Each Nalgene bottle was filled with either 50mL or 30mL, depending on the size of Nalgene bottle used, of protist medium with associated bacteria species and one boiled wheat seed, which provides ample nutrients to bacteria throughout the experiment. Prey species were initially added to the experiment from a stock culture at carrying capacity. After two days, predator species were added in low densities from a stock culture at carrying capacity to all bottles. Sampling of experiments followed standard protist microcosm procedures (Altermatt et al., 2015) and consisted of mixing the community, pipetting five to ten μl drops (~0.032 mL/drop) of the community, weighing the sample, and counting the total number of each species under a microscope. For studies involving Didinium, 3mL of the community was sampled for predator densities. Sampling of protist microcosms occurred three times per week for a period of more than 75 day. Each week, sterile medium (without bacteria) was replaced in each microcosm to remove waste buildup, replenish carbon supply, and replace sampled medium.
Due to differences in experimental time among treatments, we cut off experiments at day 75 as all experiments ran at a minimum for this time length. We controlled for differences in the size of bottles used among Holyoak (2000) and Anderson lab (unpublished) experiments, by using the number of bottles as a proxy for metacommunity size. Because the total number of bottles and total volume were highly correlated, we used total number of bottles to represent metacommunity size. For response variables, species density accounted for differences in the volume used amongst experiments although we did not correct for difference in volumes for occupancy as it is a binomial variable.
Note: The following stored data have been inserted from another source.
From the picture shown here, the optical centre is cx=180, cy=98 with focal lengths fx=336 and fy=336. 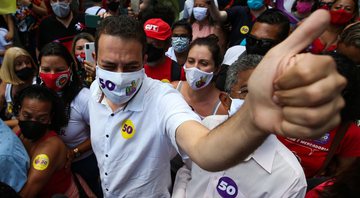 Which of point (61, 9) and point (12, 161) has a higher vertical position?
point (12, 161)

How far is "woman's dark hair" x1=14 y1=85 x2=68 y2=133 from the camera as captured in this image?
228 cm

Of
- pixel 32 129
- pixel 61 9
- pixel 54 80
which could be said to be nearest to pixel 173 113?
pixel 32 129

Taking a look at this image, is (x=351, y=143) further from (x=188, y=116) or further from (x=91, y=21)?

Spatial Metrics: Connectivity was defined as nearest neighbors’ connectivity, where for each focal bottle, the average number of connections for directly connected neighbors was taken (Gilarranz & Bascompte, 2012; Melián & Bascompte, 2002). Metacommunity size was determined by the total number of bottles per spatial network. Although the volume varied among experimental treatments from 50mL to 32mL in local communities, total volume was highly correlated with total number of bottles and is more reflective of that used in the literature. We also used spectral theory to characterize spatial structures, which we call network synchrony. This approach utilizes the eigenvalues (λ) and eigenvectors generated from the spatial structure matrix as a Laplacian matrix. The eigenratio, or the largest eigenvalue to the smallest non-zero eigenvalue , can determine the stability of a metacommunity’s synchronized state (Barahona & Pecora, 2002; Barrat et al., 2008; Hayes & Anderson, 2018; Yeakel et al., 2014).